We drive to the airport and get on a rather small plane to Kotlas.  Once there, we're met by yet another driver and head for the hotel.  We check in, and Sofia invites us along for supper at the restaurant down the street.  And it's a good thing, too: here the menus are in Russian only.  By the time we're done eating, it's 10:30, and we're exhausted.

Thursday, April 28: This is the day we finally meet Elena.  We visit the orphanage twice: once in the morning and once in the afternoon.  This is the whole point of why were here, and since it deserves a little more attention, I've detailed what we did on Thursday in a previous post.  After we leave the orphanage in the afternoon, we return to the hotel, then have a little time to walk around Kotlas before returning to the same restuarant we ate at the day.

Friday, April 29: Today we go back to St. Petersburg.  Our flight from Kotlas to Arkhangelsk leaves early, so we're out of the hotel at 5:40 in the morning.  Dimitry has already left Kotlas via train, but Sofia is escorting a little boy (one of Elena's dormmates) to Arkhangelsk, so we stop by the orphanage on our way out of town.

When we get to Arkhangelsk, we have something like an eleven-hour layover until we can catch a flight to St. Petersburg.  To fill time, we've arranged to visit the architecture museum at Malye Korely, so we're met again by a driver at the airport.  This time it's only the three of us, and the driver's English is only marginally better than our Russian.  However, we get to Malye Korely and spend an hour-an-a-half or so walking around.

We still have all afternoon to kill, which we spend hanging out at the airport.  Finally our flight is ready and we head back to St. Petersburg, there to be met by the same driver, who takes us once more to the Brothers Karamazov.

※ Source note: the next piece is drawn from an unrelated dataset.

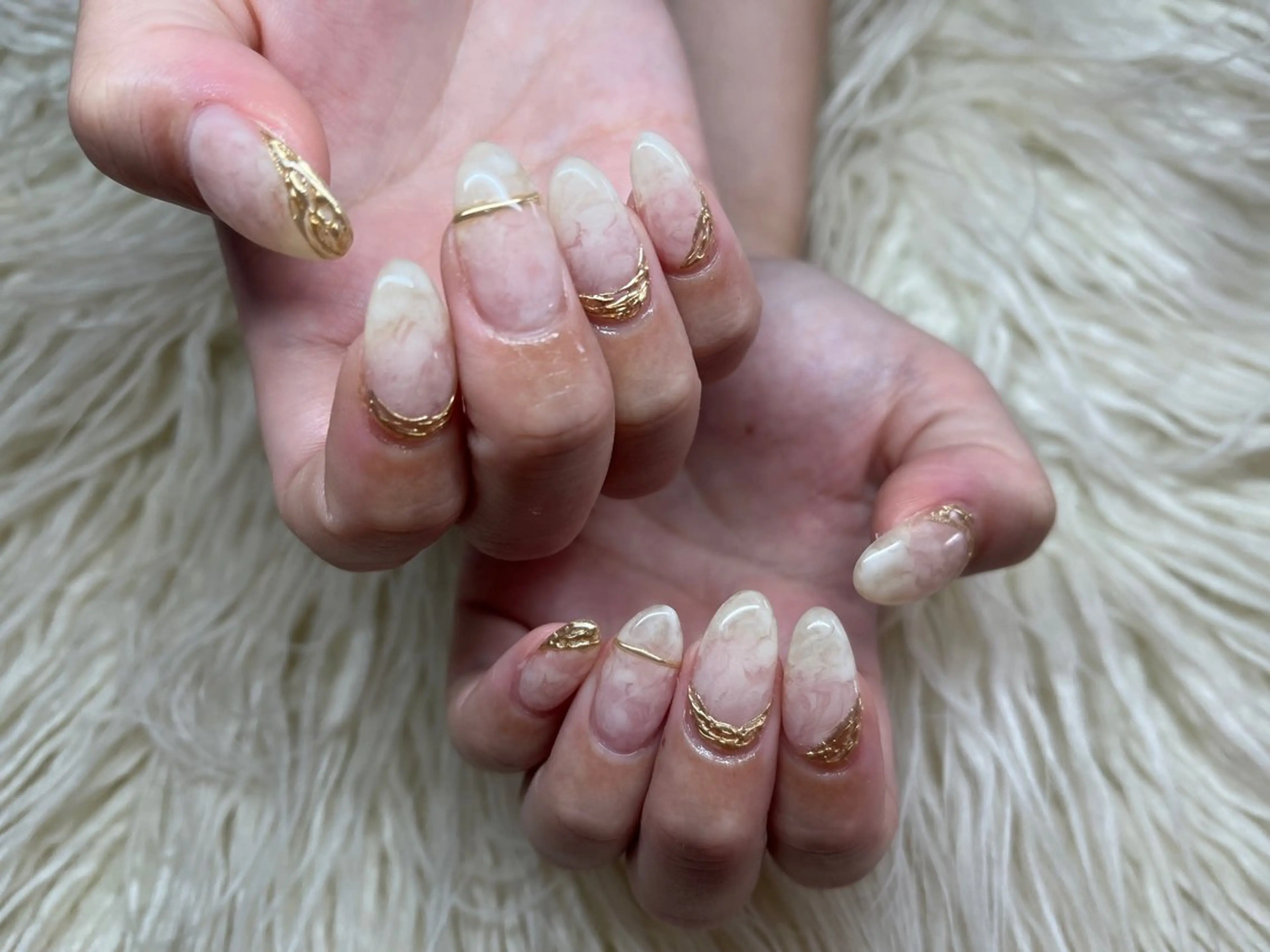 ネイル ハンドネイル Nail salon LuaRのネイルデザイン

Saturday, April 30: We decide to spend one day on a guided tour.  We hire Alex, who comes recommended by our adoption agency.  She drives us around the city, pointing out a lot of the older buildings, some of which date back to the time of Peter the Great.  We also take a tour through newer residential neighborhoods, to get a feel for the city.  A personalized guided tour isn't cheap, but it does add a lot of value to the trip, and it allows us to get a better feel for the city than we otherwise would.  At the end of it, the trip isn't really for us, you know?

Sunday, May 1: It's May Day!  We're going to the Hermitage, which, Alex has told us the day previously, is best visited as early as possible to minimize time spent in line.  We plan on getting there 30 minutes before opening time, but lingering over breakfast and detouring excessively to avoid the May Day parade route gets us there 30 minutes after opening instead.  Still, we wind up spending only 45 minutes or so in line, so it's not so bad.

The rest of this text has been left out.